Sunday, November 15, 2015

Arab Slave Trade

When we think of the enslavement of Africans, most of us connect it with Europeans and the well-known 18th Century triangle of trade:

However for over 900 years, Africans were enslaved by Arabic slave traders. The Arab slave trade originated before Islam and historians estimate that between 650 and the 1960s, 10 to 18 million people were enslaved by Arab slave traders. Slaves were taken from Europe, Asia and Africa across the Red Sea, Indian Ocean, and Sahara desert.
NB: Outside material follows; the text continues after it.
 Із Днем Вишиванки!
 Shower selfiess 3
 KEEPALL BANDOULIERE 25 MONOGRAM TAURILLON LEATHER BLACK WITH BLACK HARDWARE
During the ninth century Arab and Swahili traders on the Swahili Coast captured Bantu peoples (Zanj) from the interior in present-day Kenya, Mozambique and Tanzania and brought them to the coast.

Did You Know?
Slavery in the holy city of Mecca would remain until 1966 and in all other Arabic countries until 1990.

Zanj Rebellion

A series of slave uprisings known as the Zanj Rebellion took place between 869 and 883 AD near the city of Basra situated in present-day Iraq. The rebellion grew to involve over 500,000 slaves and free men who were imported from across the Muslim empire and claimed over "tens of thousands of lives in lower Iraq. The Zanj who were taken as slaves to the Middle East were often used in strenuous agricultural work.


Barbary Slave Trade

Arabs also enslaved Europeans. Between 1 million and 1.25 million Europeans were captured between the 16th and 19th centuries by Barbary corsairs, who were vassals of the Ottoman Empire, and sold as slaves. These slaves were captured mainly from seaside villages from Italy, Spain, Portugal and also from more distant places like France or England, the Netherlands, Ireland and even Iceland.

Often referred to as the Barbary slave trade, Barbary pirates raided ships and  and coastal towns and men, women, and children were captured to such a devastating extent that vast numbers of sea coast towns were abandoned. Professor Robert Davis estimates that--from the beginning of the 16th century to the middle of the 18th--1 million to 1.25 million white Christian Europeans were enslaved in North Africa.

Once the New World was "discovered" and settled by white Europeans, the demographics changed. As Native Americans were wiped out and/or driven to extinction (as in the Caribbean islands), European colonists turned to Africa for slave laborers on the sugar and cotton plantations.